---------- Input material ----------

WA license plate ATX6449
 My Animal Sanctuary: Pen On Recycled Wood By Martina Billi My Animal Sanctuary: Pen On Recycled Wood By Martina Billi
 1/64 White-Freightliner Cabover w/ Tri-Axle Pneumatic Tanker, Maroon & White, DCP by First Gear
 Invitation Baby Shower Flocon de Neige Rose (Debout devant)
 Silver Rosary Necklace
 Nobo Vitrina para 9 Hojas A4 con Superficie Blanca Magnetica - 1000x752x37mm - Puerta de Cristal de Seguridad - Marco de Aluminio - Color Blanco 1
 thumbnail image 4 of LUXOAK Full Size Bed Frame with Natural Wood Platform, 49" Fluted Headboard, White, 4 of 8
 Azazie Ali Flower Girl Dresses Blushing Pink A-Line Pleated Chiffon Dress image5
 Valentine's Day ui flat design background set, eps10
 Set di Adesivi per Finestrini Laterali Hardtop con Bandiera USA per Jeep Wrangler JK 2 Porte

----------

Output the entire listing exactly, including each line.

Exercise response:
WA license plate ATX6449
 My Animal Sanctuary: Pen On Recycled Wood By Martina Billi My Animal Sanctuary: Pen On Recycled Wood By Martina Billi
 1/64 White-Freightliner Cabover w/ Tri-Axle Pneumatic Tanker, Maroon & White, DCP by First Gear
 Invitation Baby Shower Flocon de Neige Rose (Debout devant)
 Silver Rosary Necklace
 Nobo Vitrina para 9 Hojas A4 con Superficie Blanca Magnetica - 1000x752x37mm - Puerta de Cristal de Seguridad - Marco de Aluminio - Color Blanco 1
 thumbnail image 4 of LUXOAK Full Size Bed Frame with Natural Wood Platform, 49" Fluted Headboard, White, 4 of 8
 Azazie Ali Flower Girl Dresses Blushing Pink A-Line Pleated Chiffon Dress image5
 Valentine's Day ui flat design background set, eps10
 Set di Adesivi per Finestrini Laterali Hardtop con Bandiera USA per Jeep Wrangler JK 2 Porte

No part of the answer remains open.